You’ve changed because you finally placed true value on what you do naturally. That where you used to do it as a favour, you’re now doing it to take your children to school, find financial stability or put food on the table. 

Because you’ve picked the peace of sitting in your home with your family over waiting for a beer like a junkie and scrambling for a platter of chicken pieces in a packed, rowdy and expensive bar. 

People say you’ve changed as some sort of insult or to derail you but it’s in your interest to take it as a compliment. See it as a glorious exit from your comfort zone.

They grudgingly say you’ve changed when they’re no longer familiar with who you become. Men must not feel ashamed of starting anew with their beliefs, career, relationships or finances if and when they’ve outgrown them.

Maybe you’ve decided to stop spending money on women to validate your self worth. Or quit drinking alcohol to save for an online course. You’ll be accused of changing by those who latched on to you for a soft life. You must embrace this insult wholeheartedly.

You’ll see the barely concealed resentment from people who were perfectly comfortable using your resources, network, talent and time for their own benefit. Cheers, my guy. You’re a lifesaver.

It’s how your workmates will have a problem with your home-cooked lunch and eating at your desk when you have deadlines. To them, you suddenly think you’re better off choosing a routine that works for you and your career prospects. Ana chinja mu guys. 
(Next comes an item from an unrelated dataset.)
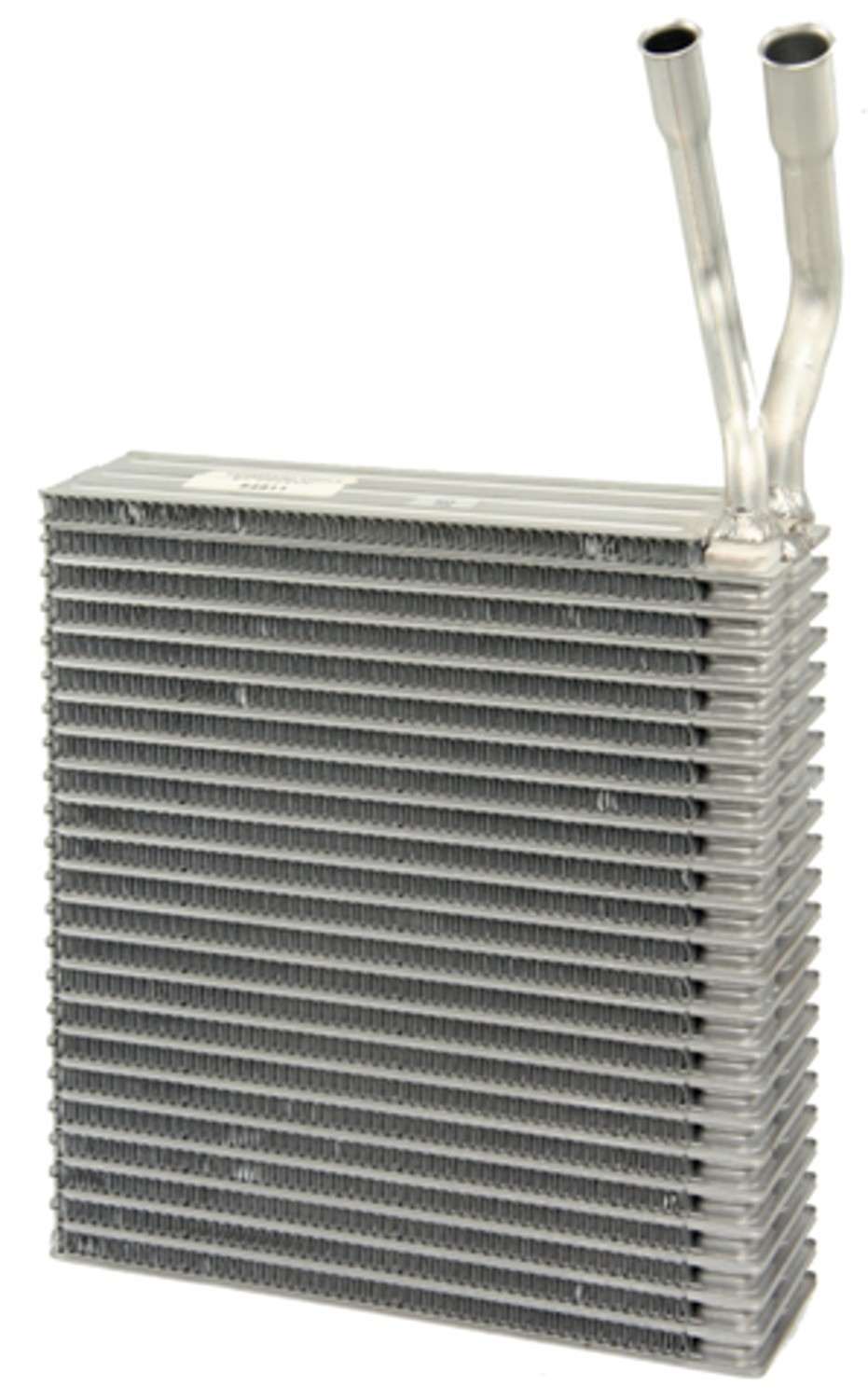 Four Seasons A/C Evaporator Core 54911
But you stayed the same. Regurgitating your habit of going off for one hour of lunch and coming back at 2PM with the food you ordered to sit and eat until 3PM, letting the t-bone settle up to 4PM and then sharing memes or scrolling on your phone until its time to head into traffic. 

Again. Take people’s complaints or inferred insults that you’ve changed as a compliment. 

It can’t be easy seeing another man unshackle himself from limiting beliefs, friendships, careers or habits. It’s safer to label him as ‘ana chinja.’ 

It shouldn’t surprise you when other men are not on board with your progress. They never were.